Background: Gold nanoparticle (GNP)-aided radiation therapy (RT) is useful to make the tumor more sensitive to radiation damage because of the enhancement in the dose inside the tumor region. Polymer gel dosimeter (PGD) can be a good choice for the physical measurement of dose enhancement produced by GNP inside the gel.
Materials and Methods: The present study uses EGSnrc Monte Carlo code to estimate dose enhancement factor (DEF) due to the introduction of GNPs inside the PGD at different concentrations (7 and 18 mg Au/g of gel) when irradiated by therapeutic X-rays of energy 100 kVp, 150 kVp, 6 MV, and 15 MV. The simulation was also carried out to quantify the dose enhancement in PAGAT gel and tumor for 100 kVp X-rays.
Results: For 100 kVp X-rays, average DEF of 1.86 and 2.91 is observed in the PAGAT gel dosimeter with 7 and 18 mg Au/g of gel, respectively. Average DEF of 1.69 and 2.61 is recorded for 150 kVp X-rays with 7 and 18 mg Au/g of gel, respectively. No clinically meaningful DEF was observed for 6 and 15 MV photon beams. Furthermore, the dose enhancement within the PAGAT gel dosimeter and tumor closely matches with each other.
Conclusion: The polymer gel dosimetry can be a suitable method of dose estimation and verification for clinical implementation of GNP-aided RT. GNP-aided RT has the potential of delivering high localized tumoricidal dose with significant sparing of normal structures when the treatment is delivered with low energy X-rays.

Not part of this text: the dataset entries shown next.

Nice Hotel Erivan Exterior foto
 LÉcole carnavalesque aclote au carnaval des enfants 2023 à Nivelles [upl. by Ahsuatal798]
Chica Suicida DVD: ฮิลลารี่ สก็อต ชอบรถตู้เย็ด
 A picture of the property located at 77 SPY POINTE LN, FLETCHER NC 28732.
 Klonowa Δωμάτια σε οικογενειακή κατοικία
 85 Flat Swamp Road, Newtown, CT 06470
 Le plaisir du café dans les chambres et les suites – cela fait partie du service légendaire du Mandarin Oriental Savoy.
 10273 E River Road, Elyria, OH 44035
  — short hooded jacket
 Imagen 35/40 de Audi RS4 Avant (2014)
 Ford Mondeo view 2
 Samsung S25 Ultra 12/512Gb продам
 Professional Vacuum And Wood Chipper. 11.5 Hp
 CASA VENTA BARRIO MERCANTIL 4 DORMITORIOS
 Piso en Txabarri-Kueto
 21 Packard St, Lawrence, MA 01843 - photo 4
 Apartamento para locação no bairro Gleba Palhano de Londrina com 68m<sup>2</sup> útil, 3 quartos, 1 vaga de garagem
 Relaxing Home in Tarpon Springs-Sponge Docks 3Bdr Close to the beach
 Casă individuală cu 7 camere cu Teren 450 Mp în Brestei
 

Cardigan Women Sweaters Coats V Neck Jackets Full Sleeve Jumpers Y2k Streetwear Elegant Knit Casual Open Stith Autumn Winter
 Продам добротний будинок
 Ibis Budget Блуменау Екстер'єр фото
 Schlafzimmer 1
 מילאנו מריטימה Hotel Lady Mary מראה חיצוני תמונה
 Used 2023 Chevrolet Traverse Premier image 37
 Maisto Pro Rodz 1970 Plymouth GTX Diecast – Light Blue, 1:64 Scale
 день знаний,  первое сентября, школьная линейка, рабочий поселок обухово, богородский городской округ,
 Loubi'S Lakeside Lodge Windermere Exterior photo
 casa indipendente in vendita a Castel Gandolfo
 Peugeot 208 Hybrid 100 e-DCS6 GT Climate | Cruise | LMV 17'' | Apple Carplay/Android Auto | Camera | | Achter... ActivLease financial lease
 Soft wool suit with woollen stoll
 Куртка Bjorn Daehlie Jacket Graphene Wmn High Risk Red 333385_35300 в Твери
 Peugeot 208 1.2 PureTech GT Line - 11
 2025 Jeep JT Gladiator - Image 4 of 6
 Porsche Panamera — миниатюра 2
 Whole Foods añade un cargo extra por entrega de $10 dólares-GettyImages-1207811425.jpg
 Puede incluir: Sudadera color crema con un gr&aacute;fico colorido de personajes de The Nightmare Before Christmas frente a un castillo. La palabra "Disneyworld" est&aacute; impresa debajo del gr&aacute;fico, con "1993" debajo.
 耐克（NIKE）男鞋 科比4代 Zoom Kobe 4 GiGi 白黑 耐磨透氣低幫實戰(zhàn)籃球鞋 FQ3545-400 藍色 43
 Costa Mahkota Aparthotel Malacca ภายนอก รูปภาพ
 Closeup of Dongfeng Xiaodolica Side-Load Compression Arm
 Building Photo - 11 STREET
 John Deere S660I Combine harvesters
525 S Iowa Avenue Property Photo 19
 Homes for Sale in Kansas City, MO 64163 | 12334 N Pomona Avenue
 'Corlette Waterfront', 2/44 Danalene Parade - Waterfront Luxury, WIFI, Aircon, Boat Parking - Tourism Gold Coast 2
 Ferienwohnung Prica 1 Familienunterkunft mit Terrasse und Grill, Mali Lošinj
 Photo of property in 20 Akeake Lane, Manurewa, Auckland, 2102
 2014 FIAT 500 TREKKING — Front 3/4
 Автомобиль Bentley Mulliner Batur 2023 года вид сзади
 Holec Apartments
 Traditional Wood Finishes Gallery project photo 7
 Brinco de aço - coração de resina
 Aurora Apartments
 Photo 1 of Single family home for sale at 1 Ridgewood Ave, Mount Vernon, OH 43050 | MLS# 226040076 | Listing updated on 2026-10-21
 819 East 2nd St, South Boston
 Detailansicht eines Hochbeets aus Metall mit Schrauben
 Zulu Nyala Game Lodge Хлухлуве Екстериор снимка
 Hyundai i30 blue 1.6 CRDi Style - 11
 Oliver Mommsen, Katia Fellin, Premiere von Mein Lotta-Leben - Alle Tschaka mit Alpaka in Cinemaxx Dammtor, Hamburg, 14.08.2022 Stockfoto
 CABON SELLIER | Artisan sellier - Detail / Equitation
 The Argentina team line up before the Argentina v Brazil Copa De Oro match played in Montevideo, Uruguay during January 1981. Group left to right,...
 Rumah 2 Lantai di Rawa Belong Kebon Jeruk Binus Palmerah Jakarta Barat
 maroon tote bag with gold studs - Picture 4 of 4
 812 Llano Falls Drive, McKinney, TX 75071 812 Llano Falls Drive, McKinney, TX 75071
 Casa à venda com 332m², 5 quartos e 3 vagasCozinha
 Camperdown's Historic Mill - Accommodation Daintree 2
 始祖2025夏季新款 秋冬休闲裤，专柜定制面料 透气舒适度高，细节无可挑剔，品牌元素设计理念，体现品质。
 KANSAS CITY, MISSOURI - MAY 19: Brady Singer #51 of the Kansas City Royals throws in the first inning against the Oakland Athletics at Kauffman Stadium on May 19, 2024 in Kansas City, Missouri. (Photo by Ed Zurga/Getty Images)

Keywords: Dose enhancement factor, gel dosimeter, gold nanoparticle, Monte Carlo, radiation therapy


How to cite this article:
Kakade NR, Sharma SD. Dose enhancement in gold nanoparticle-aided radiotherapy for the therapeutic photon beams using Monte Carlo technique. J Can Res Ther 2015;11:94-7

How to cite this URL:
Kakade NR, Sharma SD. Dose enhancement in gold nanoparticle-aided radiotherapy for the therapeutic photon beams using Monte Carlo technique. J Can Res Ther [serial online] 2015 [cited 2019 Nov 19];11:94-7. Available from: http://www.cancerjournal.net/text.asp?2015/11/1/94/147691


 > Introduction Top


External beam radiotherapy (RT) is currently one of the most common and effective treatment modalities used for the treatment of cancer. The objective of RT is to deliver an adequate dose to the tumor while sparing surrounding normal tissue. The accurate dose measurement with the help of suitable dosimetry tools is the main requirement for success of RT. Historically, orthovoltage X-rays were used for treating superficial lesions. However, with the availability of state of the art medical electron linear accelerator deep-seated tumor could well be managed by highly penetrating X-rays. Following the work by Hainfeld et al., [1] there has been considerable interest in the use of gold and other heavy-atom containing nanoparticles to enhance the dose delivered to tumors. Gold nanoparticle (GNP)-aided RT is useful to make the tumor more sensitive to radiation damage because of the enhancement in the dose inside the tumor region. The enhancement in the tumor region primarily occurs due to enhancement in photoelectric cross section because of the introduction of GNPs (Z = 79) into the tumor volume. [2]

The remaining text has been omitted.